Countries such as France note that carbon storage in soil will be temporary if farmers decide to move away from practices that add carbon to soils and instead return it to the atmosphere. Malta similarly fears that the impacts of climate change may reduce the ability of soils to store carbon.

These concerns largely echo what researchers have already identified, underlining the limitations of removing CO₂ through these methods, particularly as climate change makes forests and soils more vulnerable to natural hazards.

Orange flames creeping up a fallen log in a woodland.
Fire can return carbon stored in trees and soil to the atmosphere. Yelantsevv/Shutterstock

Engineered carbon removal methods may offer a more durable way to remove and store carbon by pumping it underground. But the capacity of these methods must be urgently scaled up this decade.

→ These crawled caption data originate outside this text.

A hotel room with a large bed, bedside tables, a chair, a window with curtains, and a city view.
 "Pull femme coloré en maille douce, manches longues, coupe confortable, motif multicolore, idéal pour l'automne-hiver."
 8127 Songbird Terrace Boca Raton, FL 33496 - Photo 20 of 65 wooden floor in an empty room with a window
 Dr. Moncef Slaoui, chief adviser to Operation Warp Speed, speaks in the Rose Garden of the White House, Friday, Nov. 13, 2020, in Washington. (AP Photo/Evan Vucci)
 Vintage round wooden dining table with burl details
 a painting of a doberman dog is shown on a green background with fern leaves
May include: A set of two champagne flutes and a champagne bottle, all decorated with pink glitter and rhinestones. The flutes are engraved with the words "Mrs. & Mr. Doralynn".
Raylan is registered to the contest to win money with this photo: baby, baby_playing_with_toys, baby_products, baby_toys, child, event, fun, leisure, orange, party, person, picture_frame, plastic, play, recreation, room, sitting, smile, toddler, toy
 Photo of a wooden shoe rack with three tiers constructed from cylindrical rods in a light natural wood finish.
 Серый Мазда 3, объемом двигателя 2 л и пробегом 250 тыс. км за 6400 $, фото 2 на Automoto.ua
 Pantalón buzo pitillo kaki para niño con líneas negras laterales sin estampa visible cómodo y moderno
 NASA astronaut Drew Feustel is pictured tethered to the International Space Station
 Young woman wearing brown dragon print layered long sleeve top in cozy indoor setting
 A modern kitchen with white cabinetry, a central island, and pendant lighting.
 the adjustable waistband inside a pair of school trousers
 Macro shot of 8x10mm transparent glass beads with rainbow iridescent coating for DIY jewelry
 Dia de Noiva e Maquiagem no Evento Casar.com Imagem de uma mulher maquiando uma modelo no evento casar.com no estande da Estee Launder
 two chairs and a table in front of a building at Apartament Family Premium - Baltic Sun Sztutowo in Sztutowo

Within their national strategies, countries either note a lack of potential storage sites or ample storage capacity. Making widespread deployment of engineered methods a reality may rest on countries collaborating to transfer CO₂ between one another or remove CO₂ on one another’s behalf.

Given the limited capacity of countries to remove carbon, the challenge of rapidly scaling up engineered methods and the necessity of addressing other pressing issues like declining biodiversity, carbon removal cannot substitute emission reductions.

Mitigating climate change requires both large and rapid emissions reductions and the responsible scaling up of carbon removal methods. Both natural and engineered methods are likely to be needed. Our research suggests that countries may need to engage with engineered removal methods if the challenge of net zero is to be met.

As of March 2023, 58 national climate strategies have been submitted to the United Nations Framework Convention on Climate Change (UNFCCC). Compare this to the 194 nationally determined contributions, shorter term emission pledges made by countries, and it’s clear that there should be many more strategies to come.

These strategies must quantify the pathways they will take to their climate target and recognise the unique but different roles nature-based and engineered removals have. Those with existing strategies should follow suit in future revisions.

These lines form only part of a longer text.